EXERCISE BRIEF >> Would you copy the listing below exactly, keeping the pictures out?

-- Opening Marker --

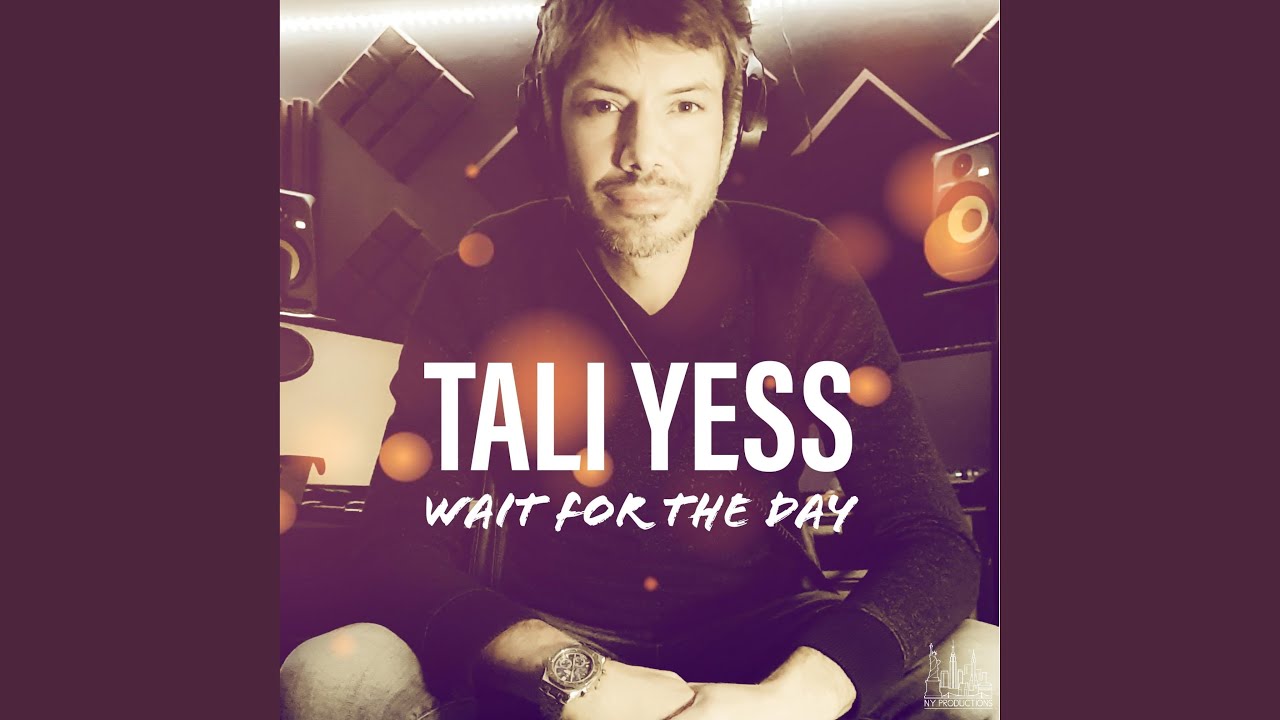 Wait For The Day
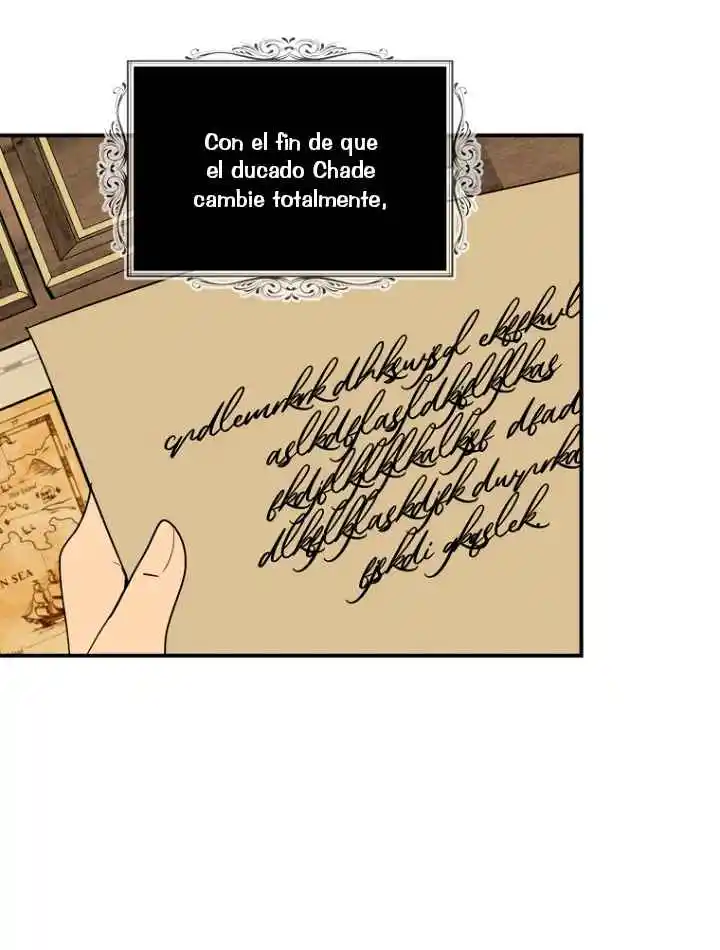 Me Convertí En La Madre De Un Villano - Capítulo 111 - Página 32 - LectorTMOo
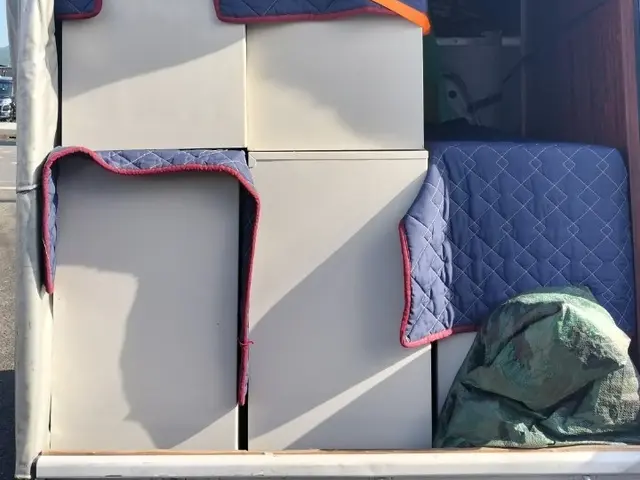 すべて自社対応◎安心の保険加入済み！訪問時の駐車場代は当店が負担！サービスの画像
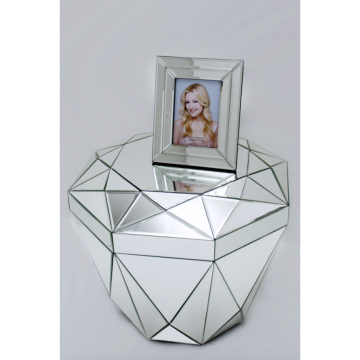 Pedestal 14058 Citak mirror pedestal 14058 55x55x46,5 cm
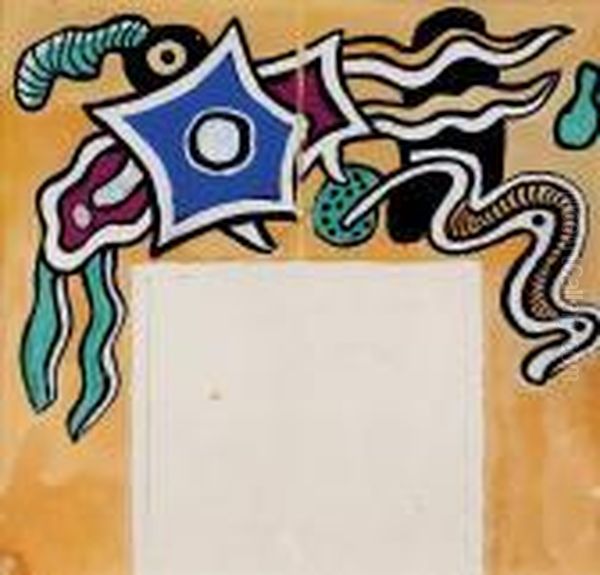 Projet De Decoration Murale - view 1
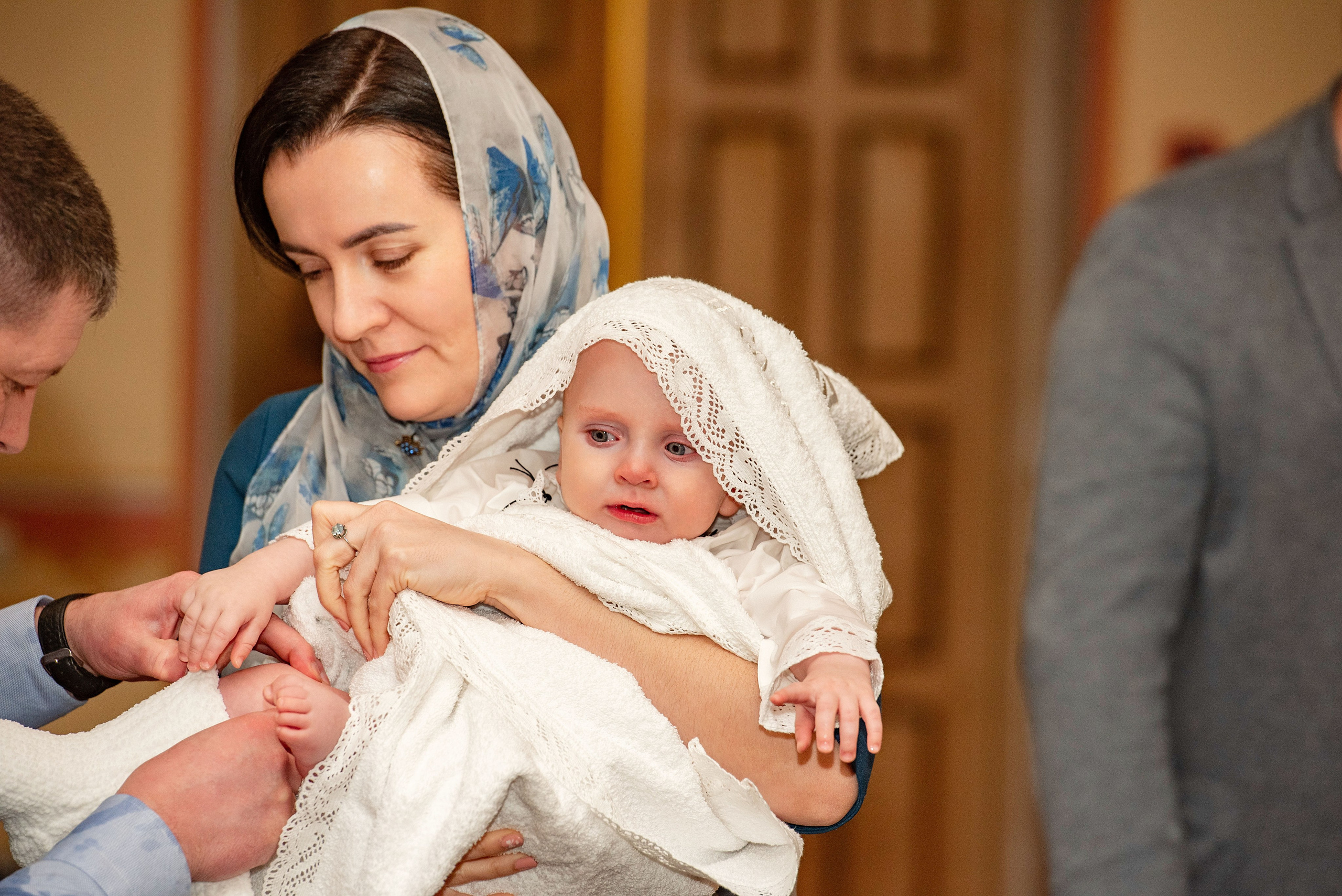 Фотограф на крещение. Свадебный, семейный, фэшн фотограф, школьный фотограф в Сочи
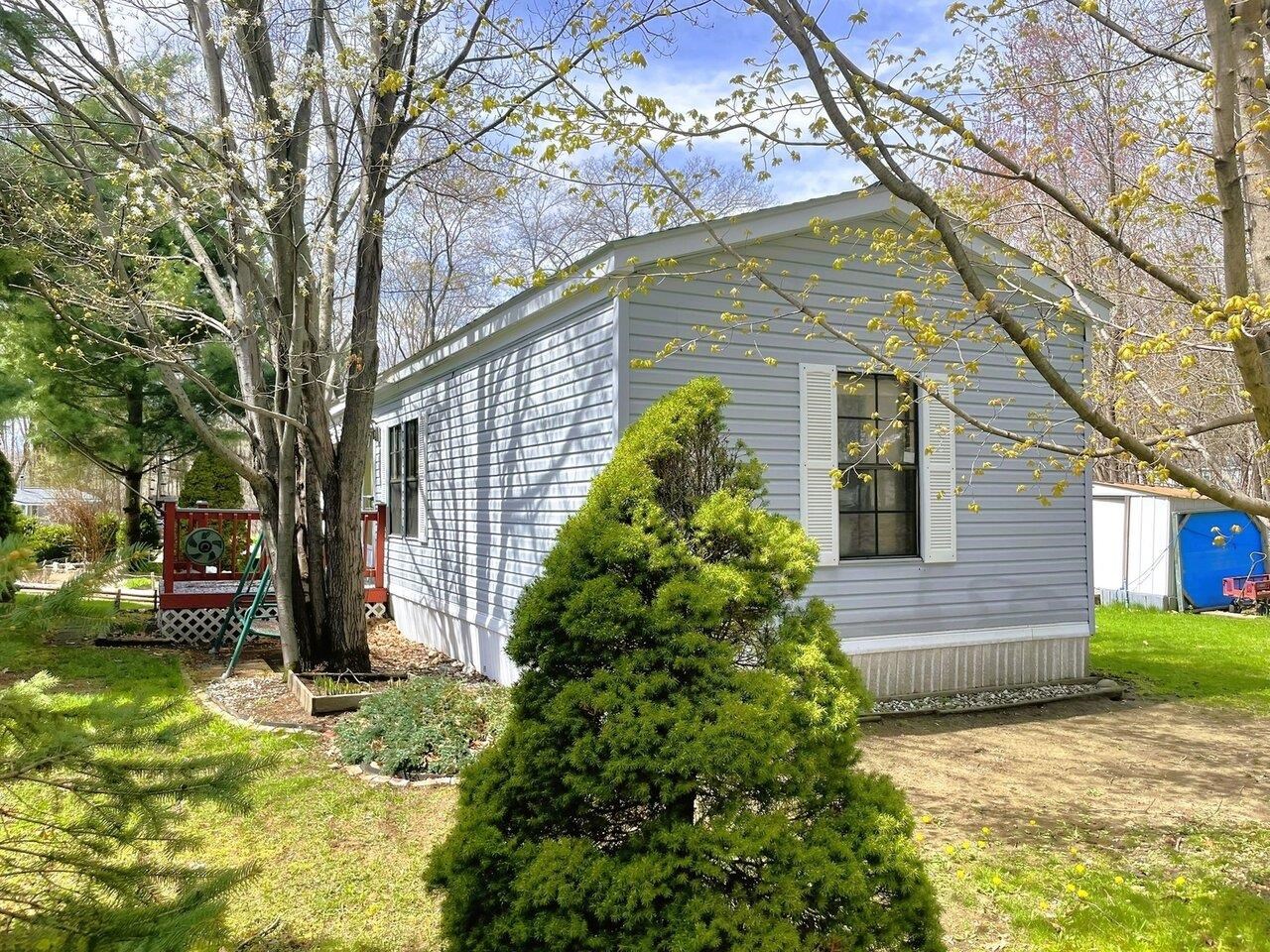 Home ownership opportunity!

-- Closing Marker --

EXERCISE RESULT >>
 Wait For The Day
 Me Convertí En La Madre De Un Villano - Capítulo 111 - Página 32 - LectorTMOo
 すべて自社対応◎安心の保険加入済み！訪問時の駐車場代は当店が負担！サービスの画像
 Pedestal 14058 Citak mirror pedestal 14058 55x55x46,5 cm
 Projet De Decoration Murale - view 1
 Фотограф на крещение. Свадебный, семейный, фэшн фотограф, школьный фотограф в Сочи
 Home ownership opportunity!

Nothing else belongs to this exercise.